• [Work to complete]:
Leaving out the pictures, please reproduce exactly and only the lines from the one that contains "925 Main St" through the last line below.

• [Recorded data]:
....................

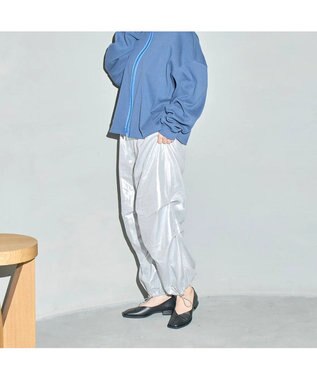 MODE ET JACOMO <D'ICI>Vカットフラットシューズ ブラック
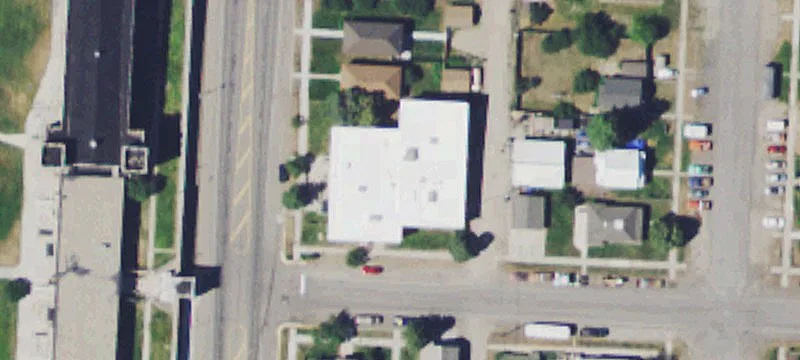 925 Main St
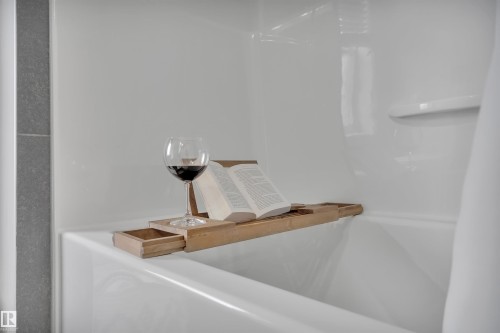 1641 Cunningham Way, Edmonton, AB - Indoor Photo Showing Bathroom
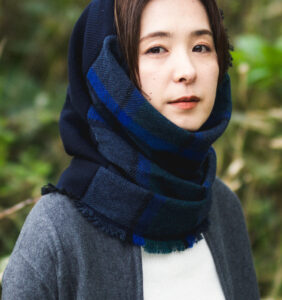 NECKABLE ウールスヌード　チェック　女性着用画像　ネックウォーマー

....................

• [Response box]:
 925 Main St
 1641 Cunningham Way, Edmonton, AB - Indoor Photo Showing Bathroom
 NECKABLE ウールスヌード　チェック　女性着用画像　ネックウォーマー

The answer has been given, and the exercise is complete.